I love dance. I love contemporary dance - and for years have subscribed to UCLA’s Dance Series just to indulge these desires. Of course I have no background, skills, or technical knowledge, but watching a dance performance is like experiencing life before language. It’s primal and yet complete.
In any event We saw
La La La Human Steps last night perform Amjad. I had no idea what the performance was about, but having seen the troop before I knew I’d enjoy it.
Amjad is actually a reworking of the classical Swan Lake and Sleeping Beauty. The score itself is a mash up of Tchaikovsky and rhythms of Phillip Glass, performed live with piano and a string trio on stage with the dances. The choreography itself was an amazing deconstruction and exaggeration of classic ballet, which for once made me wish I had a little more grounding in classic ballet to really appreciate what was going on, on a more intellectual level. For me it seemed that from the waist down, the dancers were performing classical ballet, but above the waist, their arms and torso executed frantic, precision movements - staccato and superhuman.

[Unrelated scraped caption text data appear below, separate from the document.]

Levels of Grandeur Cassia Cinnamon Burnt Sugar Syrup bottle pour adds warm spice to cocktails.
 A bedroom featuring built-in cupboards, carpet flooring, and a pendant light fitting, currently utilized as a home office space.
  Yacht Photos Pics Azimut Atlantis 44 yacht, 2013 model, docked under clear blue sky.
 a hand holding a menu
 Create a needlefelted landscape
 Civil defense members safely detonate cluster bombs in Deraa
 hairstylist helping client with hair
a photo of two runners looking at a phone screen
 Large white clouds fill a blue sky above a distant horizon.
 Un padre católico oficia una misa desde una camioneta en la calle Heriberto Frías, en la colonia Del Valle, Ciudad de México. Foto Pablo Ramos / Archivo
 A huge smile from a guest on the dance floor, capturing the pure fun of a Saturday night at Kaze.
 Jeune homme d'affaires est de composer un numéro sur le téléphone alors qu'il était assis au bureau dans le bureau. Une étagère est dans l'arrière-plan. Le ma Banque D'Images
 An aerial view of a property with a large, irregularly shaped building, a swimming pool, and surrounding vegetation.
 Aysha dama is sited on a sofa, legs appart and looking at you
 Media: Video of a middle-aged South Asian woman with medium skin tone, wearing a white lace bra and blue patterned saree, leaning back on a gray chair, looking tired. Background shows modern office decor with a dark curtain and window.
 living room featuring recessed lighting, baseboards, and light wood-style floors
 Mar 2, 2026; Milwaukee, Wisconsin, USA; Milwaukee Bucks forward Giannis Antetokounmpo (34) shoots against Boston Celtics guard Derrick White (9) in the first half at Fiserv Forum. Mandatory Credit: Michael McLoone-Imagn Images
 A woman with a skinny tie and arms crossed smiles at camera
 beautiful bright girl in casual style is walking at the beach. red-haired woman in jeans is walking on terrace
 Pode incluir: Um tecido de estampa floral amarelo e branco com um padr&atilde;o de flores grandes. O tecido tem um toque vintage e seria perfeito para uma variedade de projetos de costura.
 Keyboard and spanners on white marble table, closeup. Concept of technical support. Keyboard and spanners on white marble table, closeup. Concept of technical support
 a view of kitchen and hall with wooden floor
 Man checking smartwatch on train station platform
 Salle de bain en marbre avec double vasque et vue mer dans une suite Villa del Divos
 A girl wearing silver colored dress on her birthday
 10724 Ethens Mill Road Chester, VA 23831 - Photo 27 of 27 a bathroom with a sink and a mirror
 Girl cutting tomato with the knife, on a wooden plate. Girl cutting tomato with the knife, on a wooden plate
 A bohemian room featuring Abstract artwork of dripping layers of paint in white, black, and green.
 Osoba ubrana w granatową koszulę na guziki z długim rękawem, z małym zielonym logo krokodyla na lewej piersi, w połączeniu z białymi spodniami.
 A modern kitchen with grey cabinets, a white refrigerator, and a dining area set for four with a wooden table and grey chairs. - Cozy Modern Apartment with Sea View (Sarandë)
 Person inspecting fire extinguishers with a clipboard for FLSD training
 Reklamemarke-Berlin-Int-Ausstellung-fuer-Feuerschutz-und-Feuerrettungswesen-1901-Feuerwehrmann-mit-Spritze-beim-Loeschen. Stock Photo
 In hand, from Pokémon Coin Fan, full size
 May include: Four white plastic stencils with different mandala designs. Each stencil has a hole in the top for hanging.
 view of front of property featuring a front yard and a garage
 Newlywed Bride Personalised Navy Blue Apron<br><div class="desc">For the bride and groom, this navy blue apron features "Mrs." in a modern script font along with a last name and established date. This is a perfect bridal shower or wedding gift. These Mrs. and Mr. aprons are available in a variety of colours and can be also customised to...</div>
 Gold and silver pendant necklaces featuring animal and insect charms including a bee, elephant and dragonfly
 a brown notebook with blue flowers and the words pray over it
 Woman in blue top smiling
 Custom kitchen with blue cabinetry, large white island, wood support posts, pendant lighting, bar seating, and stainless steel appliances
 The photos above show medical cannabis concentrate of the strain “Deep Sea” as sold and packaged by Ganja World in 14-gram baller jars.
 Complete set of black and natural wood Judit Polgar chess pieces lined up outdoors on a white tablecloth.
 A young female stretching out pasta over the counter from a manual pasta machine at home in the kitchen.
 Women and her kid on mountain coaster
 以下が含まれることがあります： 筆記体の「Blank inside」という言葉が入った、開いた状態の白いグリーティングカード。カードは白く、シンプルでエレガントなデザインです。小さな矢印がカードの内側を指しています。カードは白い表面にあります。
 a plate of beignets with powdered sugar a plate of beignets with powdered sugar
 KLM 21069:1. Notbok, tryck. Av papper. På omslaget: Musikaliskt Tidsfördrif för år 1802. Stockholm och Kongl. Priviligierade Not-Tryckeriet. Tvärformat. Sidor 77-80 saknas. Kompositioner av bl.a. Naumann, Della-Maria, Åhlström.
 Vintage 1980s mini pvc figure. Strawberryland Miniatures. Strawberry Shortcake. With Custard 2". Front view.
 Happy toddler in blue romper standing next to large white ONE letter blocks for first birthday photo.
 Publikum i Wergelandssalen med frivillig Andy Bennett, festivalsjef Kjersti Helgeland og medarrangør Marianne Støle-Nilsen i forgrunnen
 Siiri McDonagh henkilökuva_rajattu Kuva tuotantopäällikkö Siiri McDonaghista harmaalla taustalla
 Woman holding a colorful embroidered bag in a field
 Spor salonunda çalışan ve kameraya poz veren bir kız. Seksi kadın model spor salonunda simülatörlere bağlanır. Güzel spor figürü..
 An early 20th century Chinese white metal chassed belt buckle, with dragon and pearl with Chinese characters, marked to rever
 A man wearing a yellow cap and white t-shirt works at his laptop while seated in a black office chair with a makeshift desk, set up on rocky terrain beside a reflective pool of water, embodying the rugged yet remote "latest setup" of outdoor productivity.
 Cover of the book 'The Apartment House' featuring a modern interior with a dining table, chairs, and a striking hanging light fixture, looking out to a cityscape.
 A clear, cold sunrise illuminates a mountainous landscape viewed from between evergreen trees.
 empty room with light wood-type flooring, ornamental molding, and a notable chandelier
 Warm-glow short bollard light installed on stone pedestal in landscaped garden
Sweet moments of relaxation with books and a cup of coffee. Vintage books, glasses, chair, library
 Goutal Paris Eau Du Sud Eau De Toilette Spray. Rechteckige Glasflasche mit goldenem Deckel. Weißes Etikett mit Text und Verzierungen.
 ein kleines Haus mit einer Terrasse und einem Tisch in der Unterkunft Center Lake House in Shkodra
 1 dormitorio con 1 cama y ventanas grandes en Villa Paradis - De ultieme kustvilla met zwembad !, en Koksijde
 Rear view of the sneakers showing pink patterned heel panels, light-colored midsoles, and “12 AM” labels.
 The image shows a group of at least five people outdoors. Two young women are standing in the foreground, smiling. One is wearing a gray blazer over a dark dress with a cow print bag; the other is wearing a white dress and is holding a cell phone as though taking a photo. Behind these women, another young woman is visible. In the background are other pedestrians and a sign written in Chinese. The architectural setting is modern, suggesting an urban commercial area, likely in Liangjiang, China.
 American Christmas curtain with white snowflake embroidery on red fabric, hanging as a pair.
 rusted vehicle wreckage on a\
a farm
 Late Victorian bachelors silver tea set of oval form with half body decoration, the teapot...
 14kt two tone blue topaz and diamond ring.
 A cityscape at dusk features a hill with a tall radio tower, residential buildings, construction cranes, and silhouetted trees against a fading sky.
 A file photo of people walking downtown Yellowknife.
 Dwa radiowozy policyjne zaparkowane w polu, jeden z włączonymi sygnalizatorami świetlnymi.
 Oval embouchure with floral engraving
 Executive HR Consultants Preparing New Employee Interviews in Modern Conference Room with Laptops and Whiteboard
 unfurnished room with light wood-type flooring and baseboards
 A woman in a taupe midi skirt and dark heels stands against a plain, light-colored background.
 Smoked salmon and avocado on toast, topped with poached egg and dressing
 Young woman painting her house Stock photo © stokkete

None-the-less, the dancers were fascinating. One thing I always like is when a troop employs dancers of various body types and builds. This performance included one very tall female dancer, who when on point, seemed almost supernatural in her towering over the other dancers, including the men - until they too went on point.
The production also used some extreme lighting, illuminating the dances mostly from the side, which seemed to extenuate their musculature as deep shadows were cast by every contour. The effect was simply mesmerizing, I watched the dancers the same way I watch planes take flight - you see it with your own eyes and still can’t believe it’s possible - flight, the movement of the human body - and yet there it is, right in front of me. It puts me in awe and makes me wish I could be one of them.